Better Call Saul, Season 3
[Jimmy is confronted in his office by Bauer, the Air Force captain he tricked to shoot his commercial]
Jimmy:
Hello, hello. It's so good to see you again.
Captain Bauer:
I escorted you and your "clients" onto my base. I treated you with hospitality and respect. And I come to find every word out of your mouth is a damn lie.
Jimmy:
Captain, please. Why– Sit down, take a load off. Hey, I'll get you a complimentary coffee or a soft drink–
Captain Bauer:
And your so-called war hero, Fudge Talbot? No such person, never was.
Jimmy:
Granted, some artistic license may have been taken.
Captain Bauer:
You entered government property under false pretenses, sir.
Jimmy:
Now, whoa, whoa, whoa– I am no expert on your procedures and your protocols and whatnot, so if we failed to cross a T or dot an I, I sincerely apologize for any misunderstanding.
Captain Bauer:
No, it's not a misunderstanding!
Jimmy:
Step back!

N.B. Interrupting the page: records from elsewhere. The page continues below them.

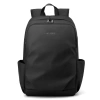 Balo nam nữ vải Oxford chống nước, nhiều ngăn tiện lợi, giảm giá 315.000đ - Giá gốc 400.050đ 10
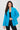  Jacket model 225089 Rue Paris 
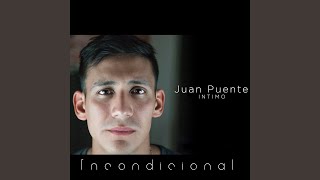 Si tan solo me dejaras (feat. Federico Luis Romanut)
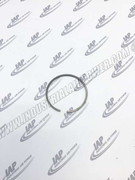 65V17 Piston Ring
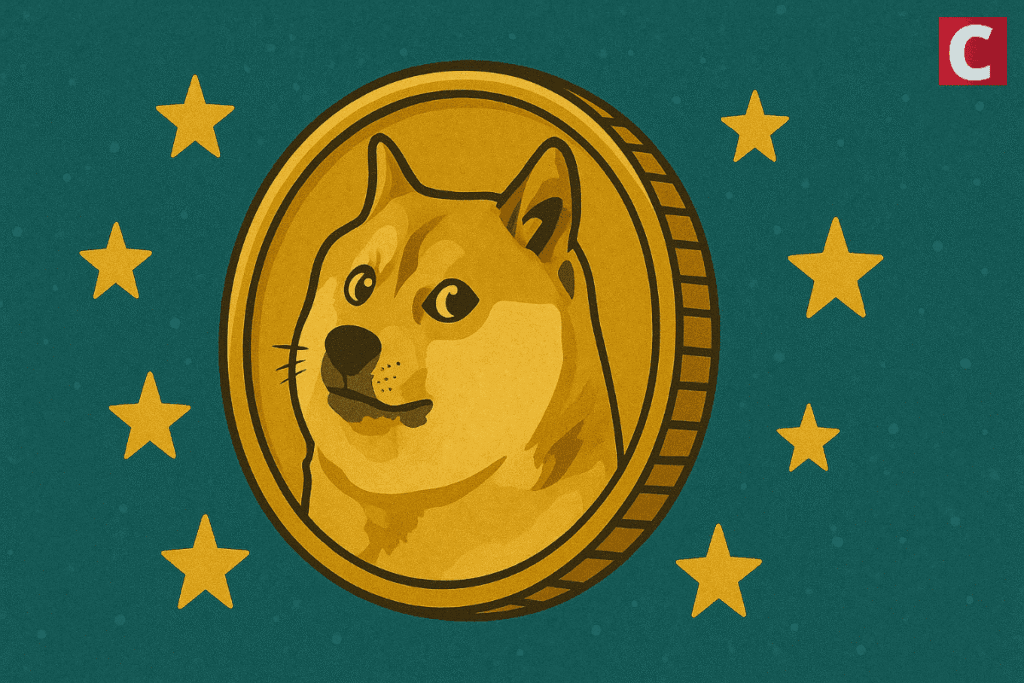 Can dogecoin price shoot 180 along with bitcoin rally.png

Now picture this, okay? What damage was done? Hey. Who was hurt, huh? Who's damaged? The base is still there, right? The B-52 is, I presume, still at—
Captain Bauer:
B-29.
Jimmy:
Huh?
Captain Bauer:
B-29. FIFI is a B-29. [Jimmy scoffs] Oh, this is all just one big joke to you, huh?
Jimmy:
You don't like the commercial.
Captain Bauer:
No, no I don't. But this has nothing with do with the c—
Jimmy:
Well, constructive criticism is always welcome.
Captain Bauer:
But I just—
Jimmy:
But you should realize that most people find it uplifting. Patriotic, even.
Captain Bauer:
I—I...
Jimmy:
You check your recruiting numbers, though. I think you're gonna see an uptick. And you know what? If it turns out that Fudge wasn't actually in the war—
Captain Bauer:
Fudge is not a person. He wasn't in the war.
Jimmy:
Well, neither was Tom Cruise. And look at what Top Gun did for you.
Captain Bauer:
You lied to me. You lied to my face, and I can't let you get away with it.
Jimmy:
I—I think we just—We're just gonna have to agree to disagree. So can we get you that coffee to go, or...
Captain Bauer:
No, no! I'm gonna tell you what's happening now. You're gonna take that ad off the air. And if you play that ad one more time, I'm gonna go to the Judge Advocate and we will take you down. Trespassing, false representation, stolen valor, the whole nine yards.
Jimmy:
Seriously? For eight seconds of a TV commercial?
Captain Bauer:
You take that ad down, or there'll be hell to pay. That clear enough for you?
Jimmy:
[beat] Make me.
Captain Bauer:
Yeah?
Jimmy:
Yeah.
Captain Bauer:
Make you?
Jimmy:
Yeah, let's do this! You bring your commander down here and I'll explain to him how you let us on the base, red carpet treatment.
Captain Bauer:
B—b—because you lied your way in!
Jimmy:
Not how I remember it, and I got witnesses to back me up! Do you like being an Air Force captain, huh? Do you think the United States wants to bring action against an old man in a wheelchair?
Captain Bauer:
He was standing on TV! He wasn't even in a wheelchair!
Jimmy:
Yeah, well, periodically he is. And when he shows up at court, you better believe he'll be in a wheelchair!
Captain Bauer:
Because you're an ambulance-chasing piece of shit, 'cause you're always the same. You're always–
Jimmy:
Always on a high horse, always trying to make me feel like I'm... [beat; catches himself and calms down] Look, um... I'm a lawyer, and this is what I do all day, every day. So how about this. I—I won't fly jet planes, you stay out of court. Does that sound good?
Captain Bauer:
You know, guys like you... you think you're so damn smart, and you think you don't have to play straight with anybody. The wheel is gonna turn. It always does.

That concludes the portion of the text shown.